"When I first decided to run, it was because I thought I could make a difference. And since November, I have done so," Jennings told supporters today.
As we have reported since last November, Jennings narrowly lost to Republican Vern Buchanan – officially by 369 votes after a recount -- and challenged the results because 18,000 ballots in the paperless ES&S iVotronic touch-screen machines registered no House race votes in Sarasota County, where she won 53%. The Jennings-Buchanan undervote in Sarasota was many times higher than the undervote in the House district's four adjacent counties.
"We have an obligation to future generations to leave our country in better shape than when we inherited it," Jennings said in launching her second bid. "Restoring confidence in elections is an important step, but only the first."
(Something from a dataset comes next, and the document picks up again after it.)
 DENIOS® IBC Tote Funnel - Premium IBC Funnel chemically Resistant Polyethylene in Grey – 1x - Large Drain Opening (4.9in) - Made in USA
Jennings' lawsuit contesting the election hit a roadblock when Florida courts rejected her campaign's request to crack open the machines and study ES&S' programming code. So she appealed to the House of Representatives, which tapped the Government Accountability Office to investigate. The GAO is due to report preliminary findings at the end of the month.
No matter how the GAO report or House probe turns out, next year Jennings won't have to worry about electronic voting machines. Following her contested race, new Florida Governor Charlie Crist ordered that all Florida elections use machines that generate a paper trail – or paper ballots themselves.